Os dados de inflação de março não contribuíram para a aposta do Fed. Com alta acima do esperado, a inflação e o núcleo voltaram a acelerar no acumulado em 12 meses. E a tendência indica ser de alta, com a inflação do núcleo, acumulada em 6 meses anualizada, mostrando aceleração pelo quinto mês consecutivo. Portanto, a inflação se mostra mais persistente que o esperado e dá sinais de reaceleração.

Olhando em retrospecto, o pivô de dezembro foi um movimento de elevado risco e baixo retorno. Ao fazê-lo naquele momento, o Fed liberou os espíritos animais dos investidores. Sem maiores evidências de que a inflação estivesse de fato convergido à meta, a flexibilização no discurso pode inclusive tornar a reaceleração inflacionaria uma profecia autorrealizável, pois ela, em tese, poderia reduzir a credibilidade do Fed, levando a uma corrida por ativos reais, que, por sua vez, teria impacto no nível de preços. Soma-se a isso a incerteza geopolítica, que está bastante estressada desde outubro de 2023, e temos um coquetel perfeito para maior volatilidade da inflação.

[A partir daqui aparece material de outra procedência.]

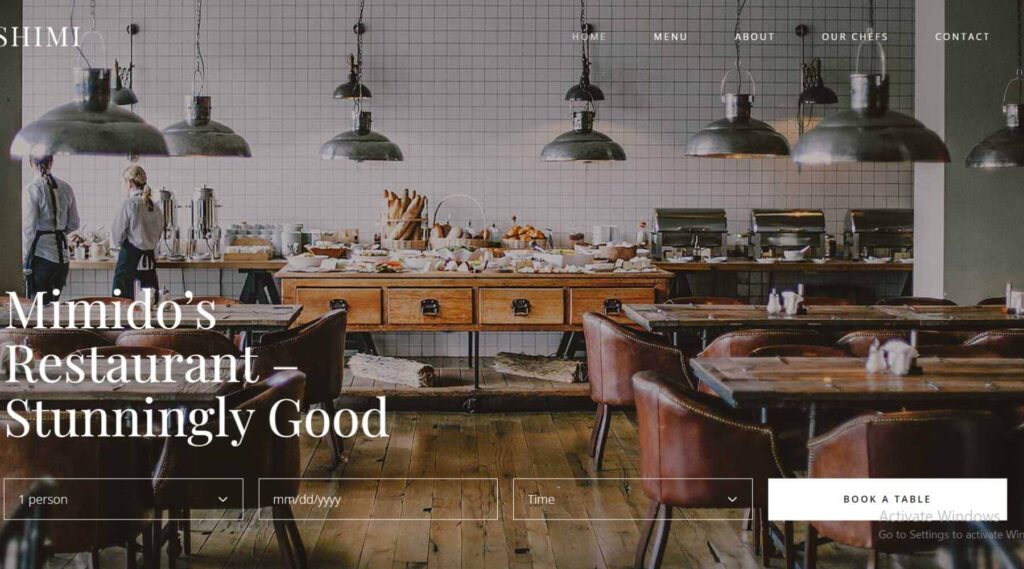 Food Restaurant Elementor Website Template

De fato, o desempenho de algumas classes de ativos sugere que os investidores antecipam uma inflação pressionada no curto prazo e uma menor confiança de que o Fed irá fazer o necessário para combatê-la. Por exemplo, o preço do ouro avançou 6,1% em abril, mesmo com os juros aumentando ao longo da curva, ou seja, os investidores preferem reter um ativo que não paga nenhum dividendo a reter dólares, mesmo com sua maior remuneração. Soma-se a isso o aumento da tensão no conflito entre Israel e Irã, com os países trocando ataques e elevando a incerteza global, com commodities pressionando na margem, especialmente as metálicas e energéticas. Nesse contexto, observamos nas últimas semanas um forte movimento de reprecificação dos ativos, com os investidores se posicionando para um cenário de juros elevados por mais tempo.

A grande pergunta hoje é: quando o Fed irá cortar os juros? O ano iniciou com uma expectativa agressiva de cortes, com o mercado esperando 6 cortes em 2024. O FOMC, por outro lado, projeta 3 cortes. Nesse momento, o mercado se mostra mais pessimista que o Fed e antecipa menos de 2 cortes esse ano. Há ainda a incerteza política. Com as eleições se aproximando, existe a visão de que o Fed pode se abster de cortar a taxa de juros muito próximo das eleições para não ser visto como um ator político que influenciou o resultado das eleições. Sendo assim, a janela para o início dos cortes se torna cada vez mais apertada. A reunião de junho, antes tida como o consenso para o início do ciclo de cortes, se torna cada vez mais improvável. Até lá, teremos a divulgação de dois dados de emprego e dois dados de inflação, que serão fundamentais para os próximos passos da política monetária. Caso os dados não deem a confiança necessária para os membros do FOMC iniciarem o ciclo de cortes, podemos ver tais cortes se iniciando apenas na reunião de dezembro, tendo em vista a proximidade das eleições. Cenário que se torna cada vez mais provável de acordo com o mercado.